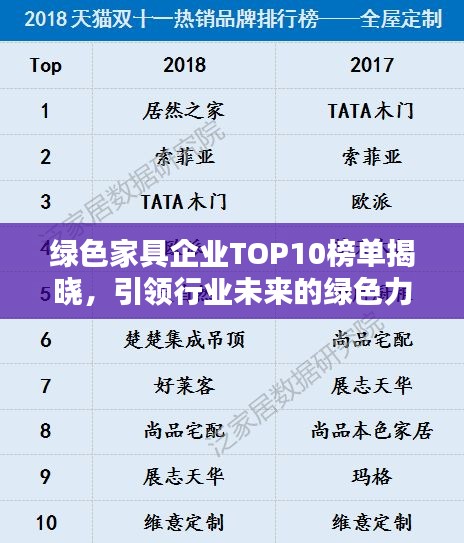 綠色家具企業(yè)TOP10榜單揭曉，引領(lǐng)行業(yè)未來的綠色力量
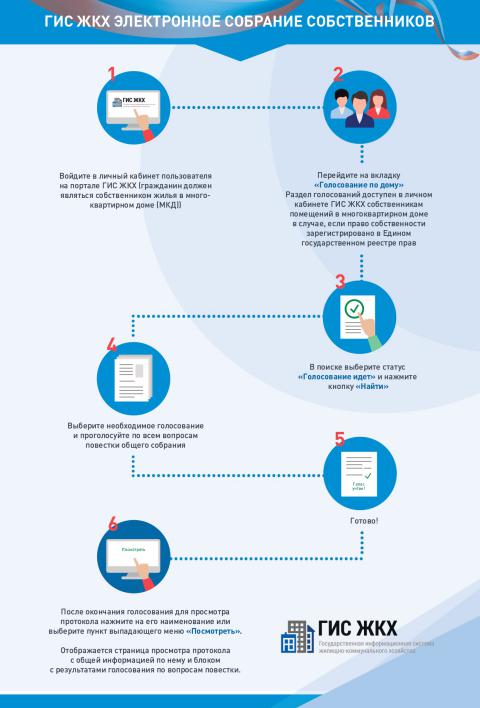 infog2021 1 14
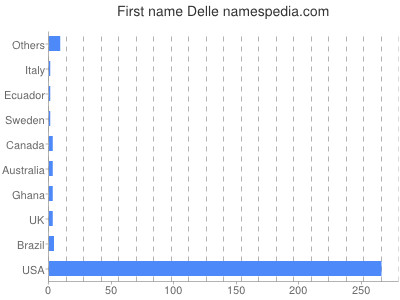 Given name Delle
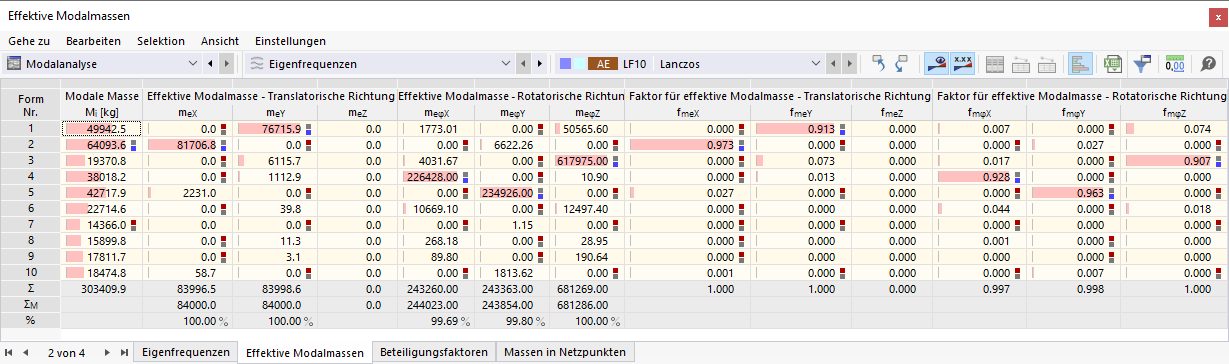 Tabelle 'Effektive Modalmassen'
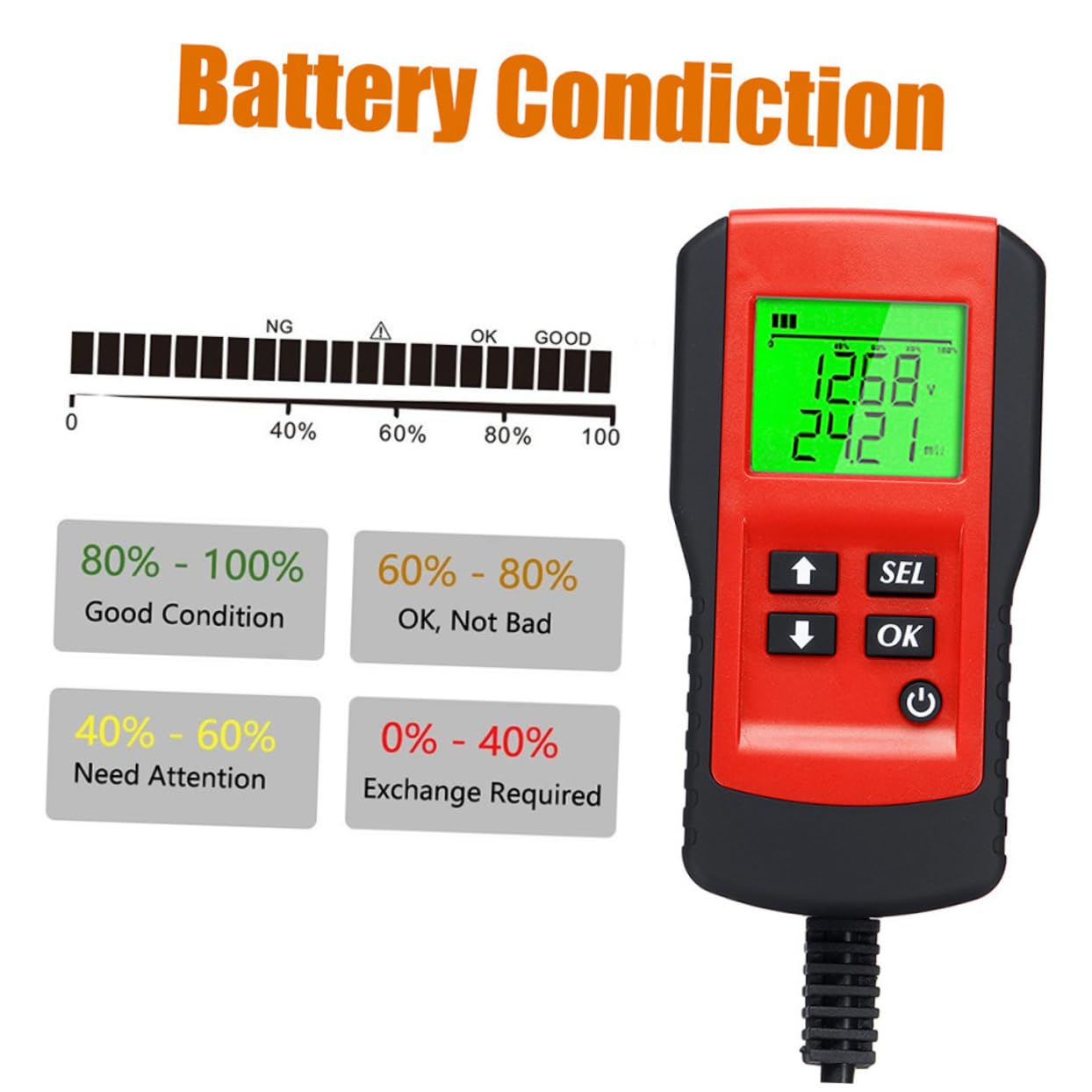 MAGICLULU Tester per Batteria Auto Analizzatore Digitale Auto e r 12v Risposta Rapida per Dispositivo di Protezione Controllo Capacità e Resistenza Moto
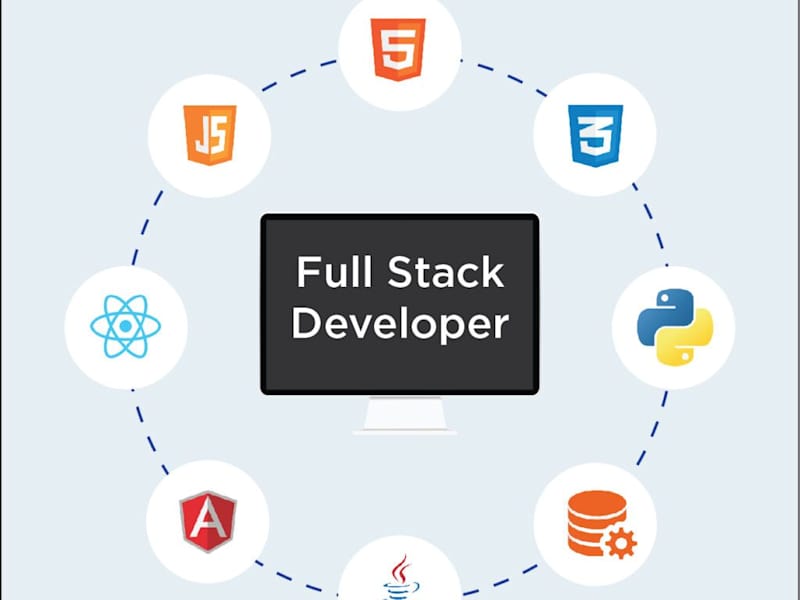 Cover image for Full-Stack Development 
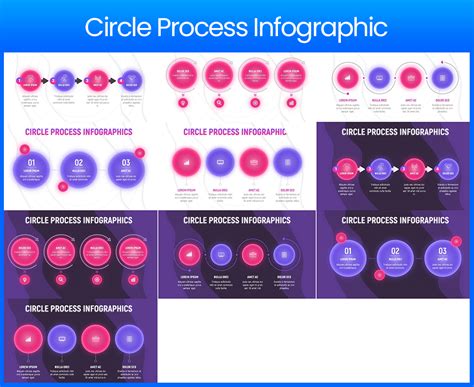 Image result for Circle Process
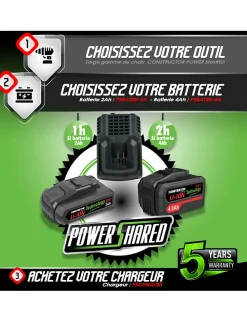 Scie circulaire sans fil 20 V - Sans batterie - Constructor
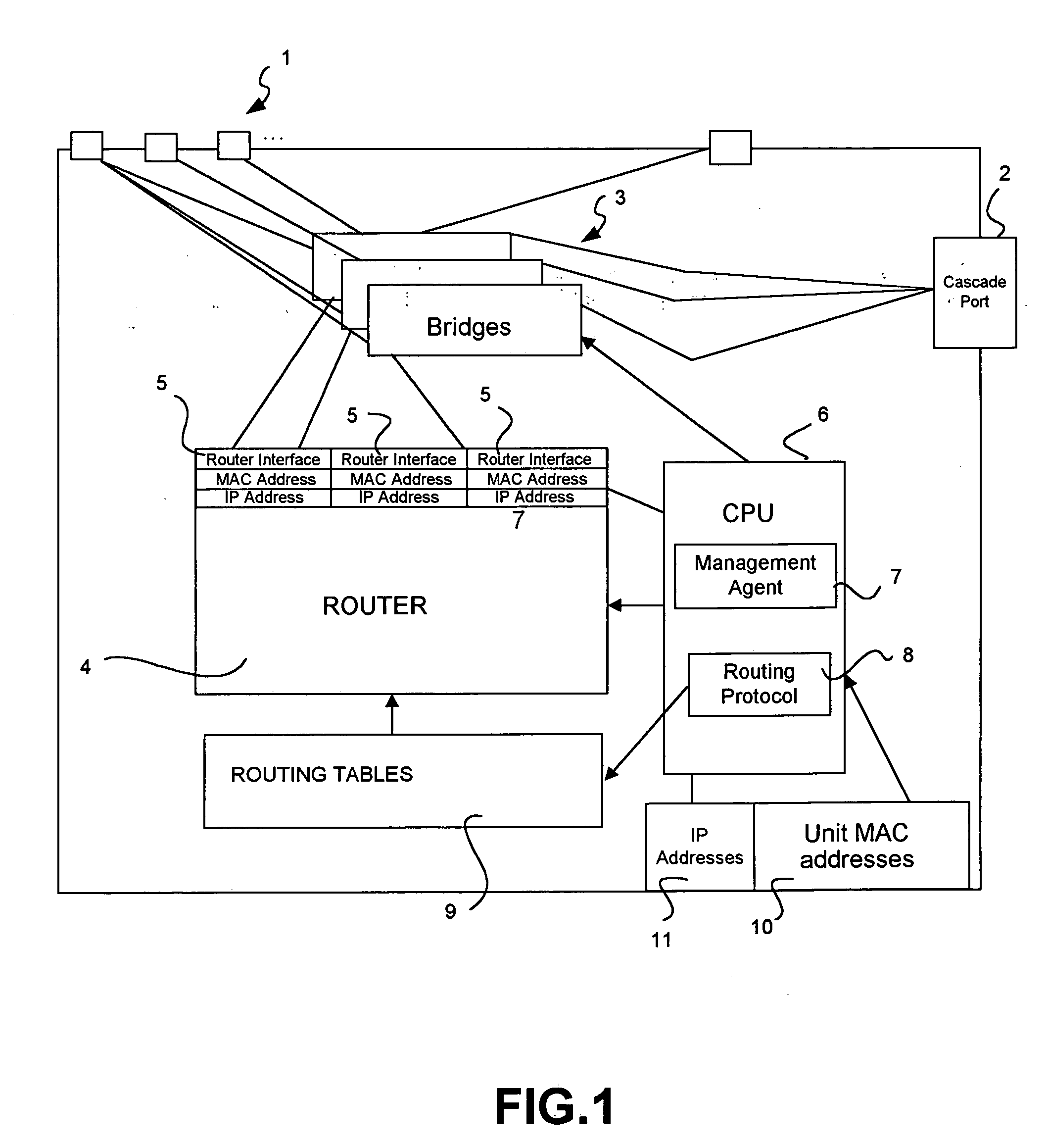 Stackable routers employing a routing protocol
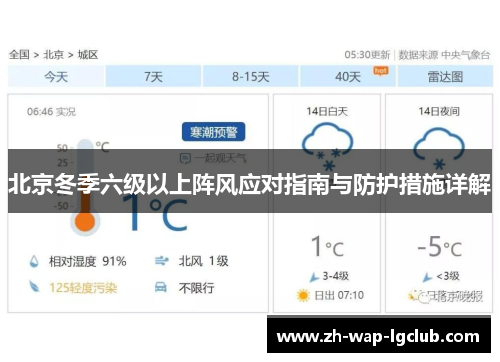 北京冬季六级以上阵风应对指南与防护措施详解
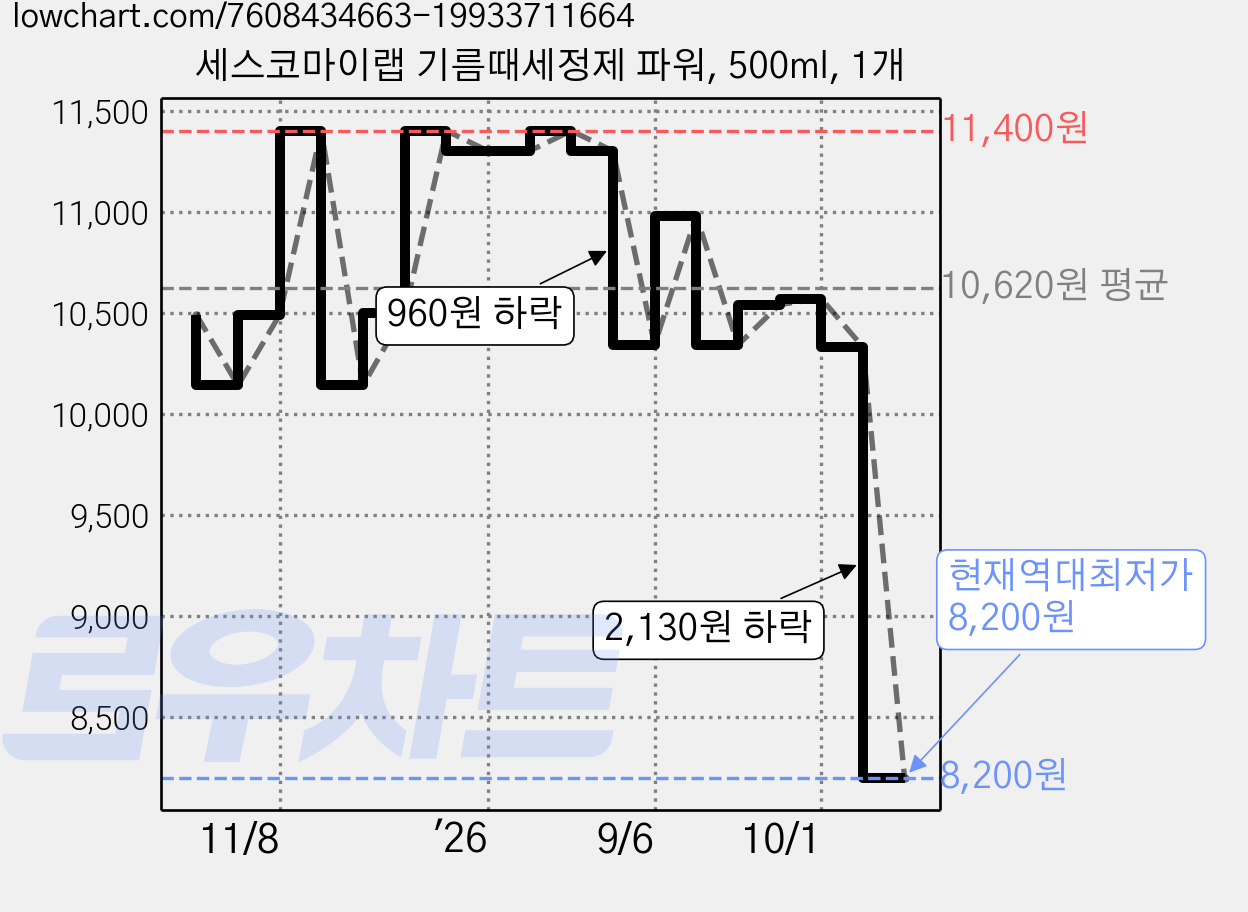 세스코마이랩 기름때세정제 파워, 500ml, 1개 가격 변동 차트, 현재가 8,200원, 역대최저가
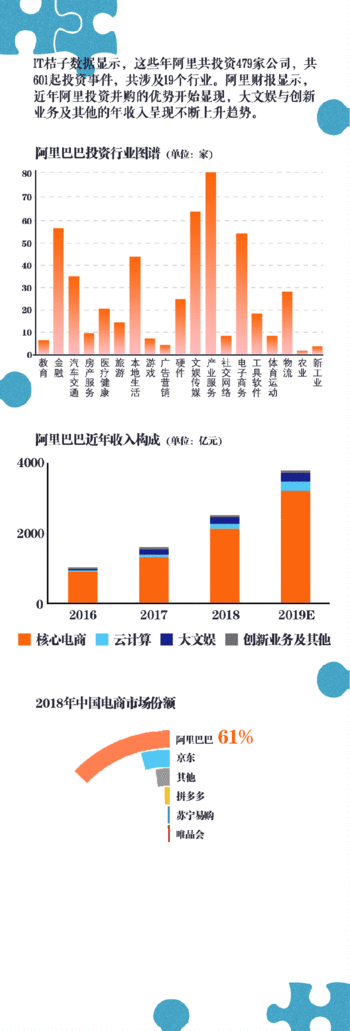 马云与阿里20年 互联网巨头养成术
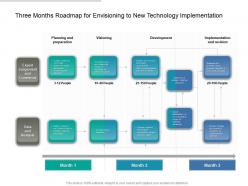 Three months roadmap for envisioning to new technology implementation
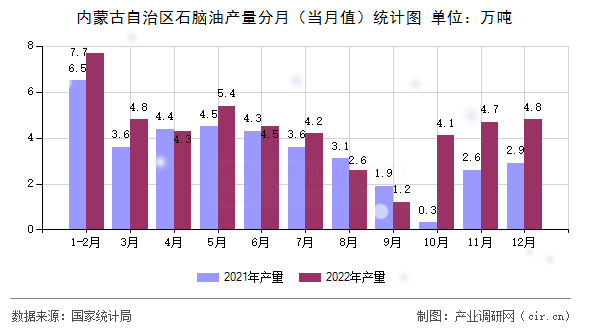 內(nèi)蒙古自治區(qū)石腦油產(chǎn)量分月（當(dāng)月值）統(tǒng)計(jì)圖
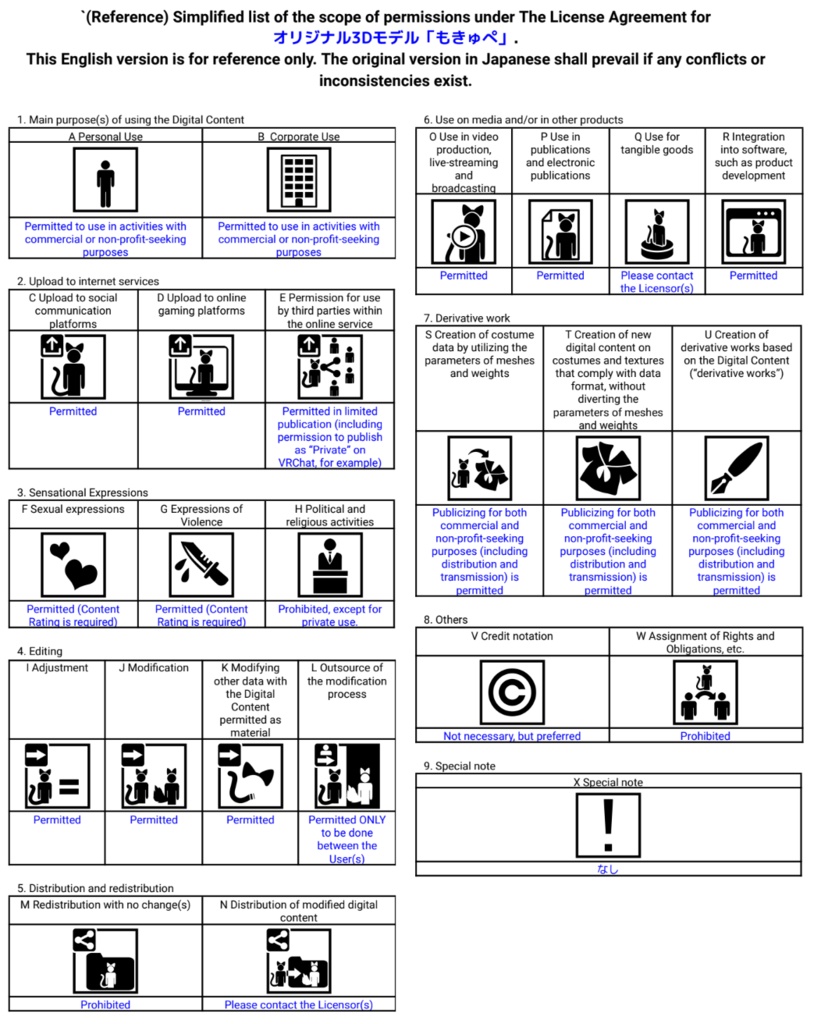 オリジナル3Dモデル「もきゅぺ」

══════

◆ **Problem requirements**: Produce the lines from the first line of the entries through the line that contains "Image result for Circle Process", exactly, leaving the pictures behind.

◆ **Solution to the problem**:
 綠色家具企業(yè)TOP10榜單揭曉，引領(lǐng)行業(yè)未來的綠色力量
 infog2021 1 14
 Given name Delle
 Tabelle 'Effektive Modalmassen'
 MAGICLULU Tester per Batteria Auto Analizzatore Digitale Auto e r 12v Risposta Rapida per Dispositivo di Protezione Controllo Capacità e Resistenza Moto
 Cover image for Full-Stack Development 
 Image result for Circle Process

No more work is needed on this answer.